Et puis, on ne peut que tomber sous le charme de ces pages pleines d’une rage si frénétique, d’un désespoir si intense, qu’elles conduisirent le grand Léo Malet à dire de ce livre incroyable : « C’est l’un de mes préférés ». Écrit en 1947 et publié en 1949, période charnière à l’odeur de charnier s’il en est, La belle nuit pour un homme mort s’évapora ensuite pendant près de soixante ans avant de finalement reparaître en 2007. Comme si les éditeurs avaient d’un commun accord décidé de préserver leur lectorat d’un contenu aussi offensant.

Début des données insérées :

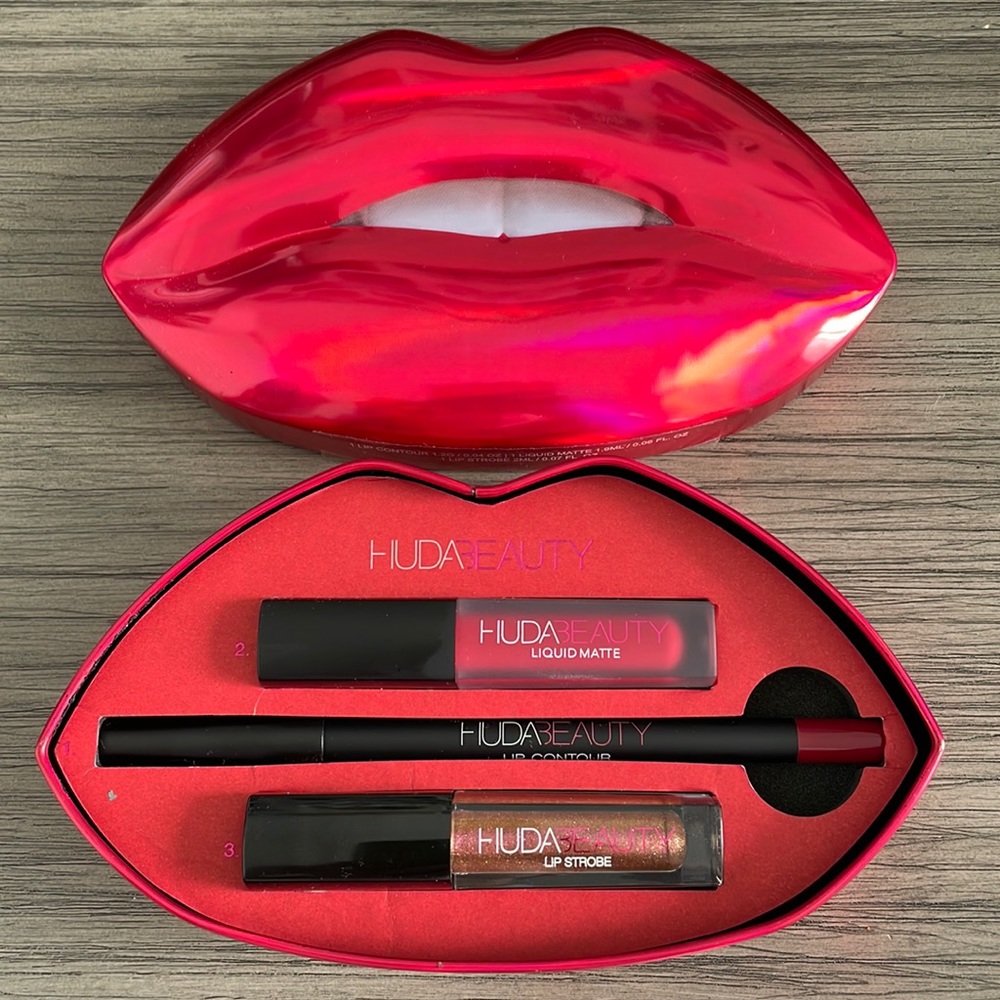 Huda beauty lip set 3 pieces + container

Mais justement, de quoi parle-t-il, ce fameux roman, enfin ? Eh bien, c’est assez simple : tout est dans le titre. Brand a décidé de mourir. Et rien ni personne ne l’en empêchera. C’est ainsi que nous cheminons à ses côtés, dans un Paris de cauchemar, où sa dernière nuit sera consommée/consumée comme la cigarette du condamné. Et nous voyons par ses yeux un monde apocalyptique, peuplé de créatures d’épouvante, de femmes fatales et d’hommes qui ne sont plus que l’ombre d’eux-mêmes. Un monde confronté à sa propre inanité, qui tourne en boucle sur lui-même, et convoque un cortège de souvenirs amers pour les mêler, en une danse macabre et obscène, à des anticipations effroyables.

Un monde-orgie, que Brand traverse comme un fantôme pervers en se raccrochant à tous ses actes manqués et autres actions ratées. Et il ne se contente pas de prendre un plaisir masochiste à se confronter à son passé. Ce serait trop facile, et ça ne lui suffirait pas. Non, s’il a décidé d’aller jusqu’au bout de sa propre nuit, il a aussi besoin de contaminer, d’avilir, de souiller. Alors il cherche. N’hésite pas à corrompre l’innocence quand il la rencontre. Et s’il ne trouve pas, il invente. Tous les moyens sont bons pour fuir cet atroce vide intérieur qui le ronge. Même s’il sait qu’aucune rencontre ne pourra rien changer à sa décision. C’est là tout le paradoxe de ce mort en sursis, qui le temps d’une nuit va réussir, à force d’autosuggestion, à fondre tout ce qui l’entoure en une seule et même gigantesque raison d’en finir.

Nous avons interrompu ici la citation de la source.